Does someone know what type of import file is appropriate in this case?

Thanks,

Hee-Sung

1 Like

Hello!
In order to import ref-seqs into qiime2, you should safe it as a fasta file. No need to convert it to the biom format, since it is not a feature table. Then import is as FeatureData[Sequence], not FeatureTable[Sequence]

1 Like

Thanks Timur !!

your advice help me in saving a huge amount of time that I am spending to solve this issue.

As far as i know, fasta file comprise two line starting with ">" seq id, followed by seqs in the next line.
So, to save it as fasta format, I have to add > in the individual seqs. Am I right?

Yeah, you are right. Usually it is a txt file with extention ".fasta", ".fa". Each ID starts with ">" and sequence as a next line.
Here is a link for more details.

thanks timanix,

I edited the ref-seqs fasta, and then convert back the edition to qza. I hope that it will work for making the clissifier.

Subsequently, I edited "ref-tax" file that including Feature ID and Taxon, and saved as txt file as below.

And then I tried convert it to qza using following commands.

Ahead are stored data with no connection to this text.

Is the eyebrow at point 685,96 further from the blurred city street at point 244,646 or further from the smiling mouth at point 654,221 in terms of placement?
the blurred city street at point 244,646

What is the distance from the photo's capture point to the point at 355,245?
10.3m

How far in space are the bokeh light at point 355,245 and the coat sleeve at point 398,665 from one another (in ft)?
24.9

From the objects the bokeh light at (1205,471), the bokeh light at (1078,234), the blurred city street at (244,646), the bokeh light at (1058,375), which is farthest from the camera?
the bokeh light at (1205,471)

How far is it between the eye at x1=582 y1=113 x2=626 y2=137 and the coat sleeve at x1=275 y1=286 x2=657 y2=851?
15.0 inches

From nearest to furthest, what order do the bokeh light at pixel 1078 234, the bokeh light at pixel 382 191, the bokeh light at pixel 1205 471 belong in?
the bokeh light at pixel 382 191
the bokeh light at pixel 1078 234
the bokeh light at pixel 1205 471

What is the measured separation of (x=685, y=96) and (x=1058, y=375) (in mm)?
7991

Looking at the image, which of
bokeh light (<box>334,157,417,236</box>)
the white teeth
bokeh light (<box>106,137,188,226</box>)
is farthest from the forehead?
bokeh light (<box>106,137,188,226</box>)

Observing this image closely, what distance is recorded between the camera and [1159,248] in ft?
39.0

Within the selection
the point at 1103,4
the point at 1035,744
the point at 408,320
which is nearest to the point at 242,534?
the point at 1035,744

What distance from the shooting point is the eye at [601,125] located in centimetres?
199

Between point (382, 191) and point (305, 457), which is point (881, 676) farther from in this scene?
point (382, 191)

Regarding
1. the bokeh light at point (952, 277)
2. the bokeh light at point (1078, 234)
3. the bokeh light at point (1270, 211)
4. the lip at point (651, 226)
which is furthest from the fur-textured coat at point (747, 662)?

biom convert -i dsrB-refseqs-txid.txt
-o dsrB-refseqs-txid.biom
--table-type "OTU table" --to-hdf5

qiime tools import
--type 'FeatureData[Taxonomy]'
--input-path dsrB-refseqs-txid.biom
--output-path dsrB-refseqs-txid.qza

But this attempt resulted in making error (see below).
Could you figure out what is wrong?

Best regards,

HS

@baehsung,

This error is usually do to either file corruption or a file not being correctly zipped. You will need to use gzip to re-zip your edited .fasta file. Then trying running your import again :slightly_smiling_face:

This topic was automatically closed 31 days after the last reply. New replies are no longer allowed.